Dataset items
______________________________
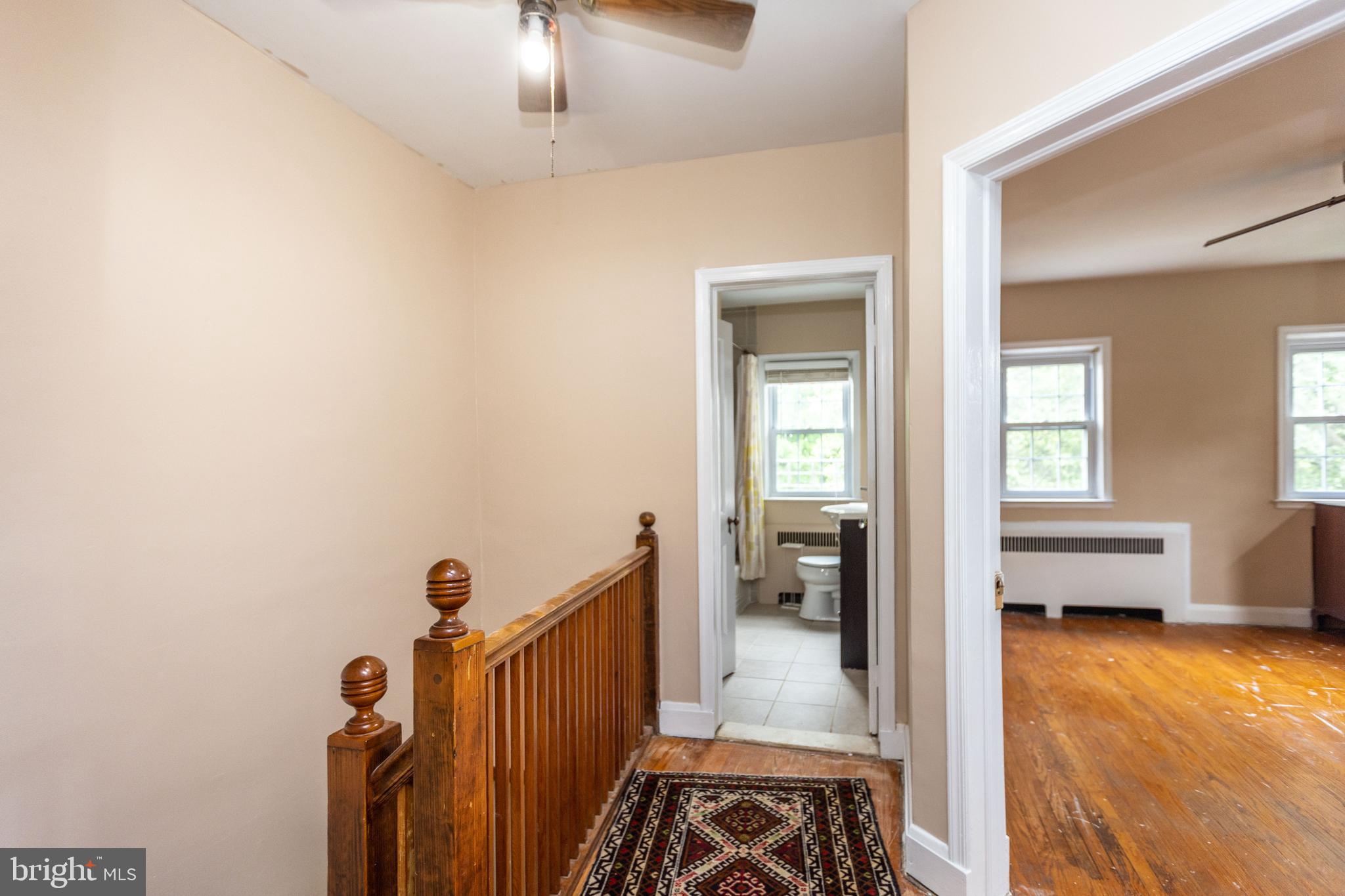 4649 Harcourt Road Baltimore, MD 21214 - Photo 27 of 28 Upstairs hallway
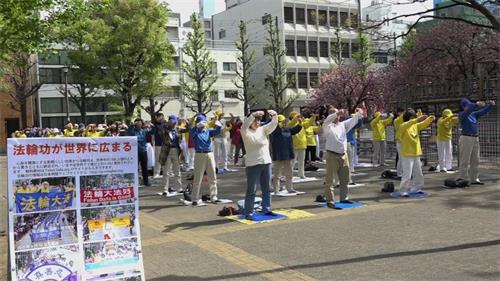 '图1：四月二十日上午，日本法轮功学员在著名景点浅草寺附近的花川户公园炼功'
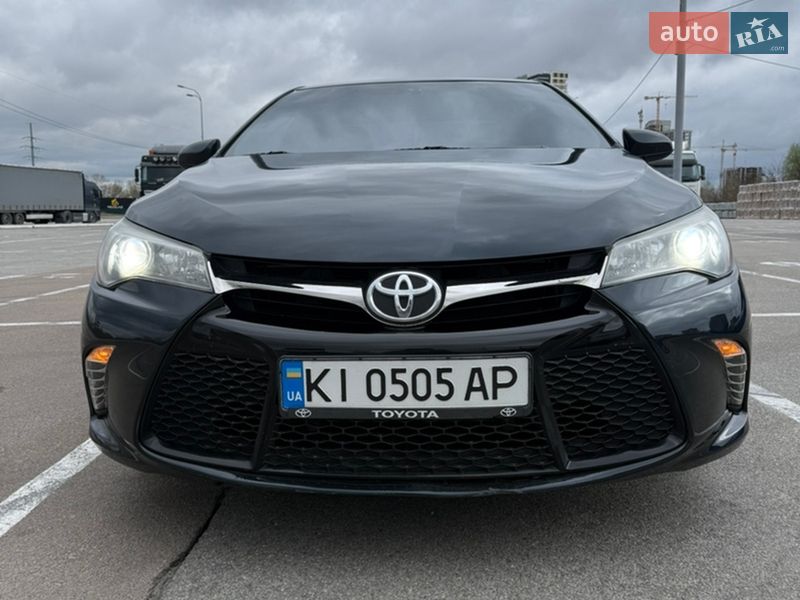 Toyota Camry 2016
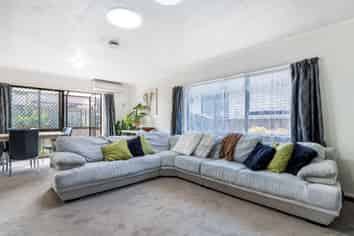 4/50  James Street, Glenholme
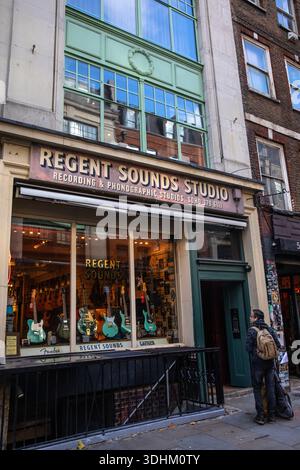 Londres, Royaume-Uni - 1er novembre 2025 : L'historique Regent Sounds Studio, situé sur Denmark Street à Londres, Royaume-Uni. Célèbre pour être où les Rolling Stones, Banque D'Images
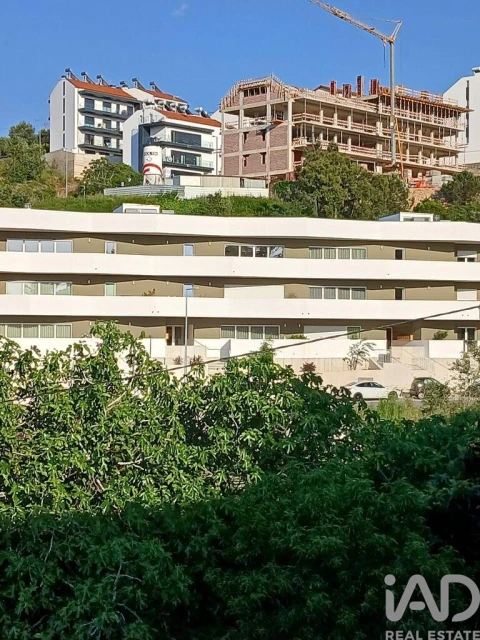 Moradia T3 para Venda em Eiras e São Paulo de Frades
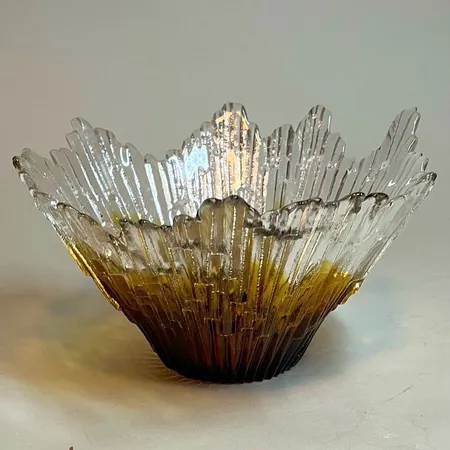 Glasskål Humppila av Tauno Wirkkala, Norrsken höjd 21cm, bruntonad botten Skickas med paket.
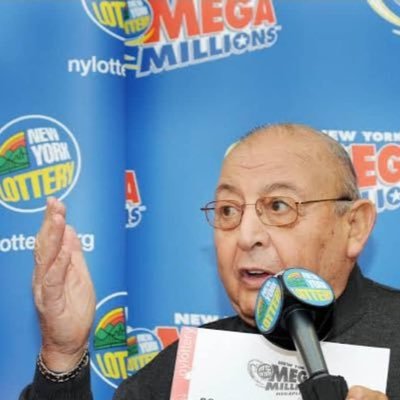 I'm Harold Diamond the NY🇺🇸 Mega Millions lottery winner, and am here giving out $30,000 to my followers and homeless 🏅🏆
______________________________
Activity
None of the pictures should be copied, but every record above must be returned exactly.

Exercise answer
 4649 Harcourt Road Baltimore, MD 21214 - Photo 27 of 28 Upstairs hallway
 '图1：四月二十日上午，日本法轮功学员在著名景点浅草寺附近的花川户公园炼功'
 Toyota Camry 2016
 4/50  James Street, Glenholme
 Londres, Royaume-Uni - 1er novembre 2025 : L'historique Regent Sounds Studio, situé sur Denmark Street à Londres, Royaume-Uni. Célèbre pour être où les Rolling Stones, Banque D'Images
 Moradia T3 para Venda em Eiras e São Paulo de Frades
 Glasskål Humppila av Tauno Wirkkala, Norrsken höjd 21cm, bruntonad botten Skickas med paket.
 I'm Harold Diamond the NY🇺🇸 Mega Millions lottery winner, and am here giving out $30,000 to my followers and homeless 🏅🏆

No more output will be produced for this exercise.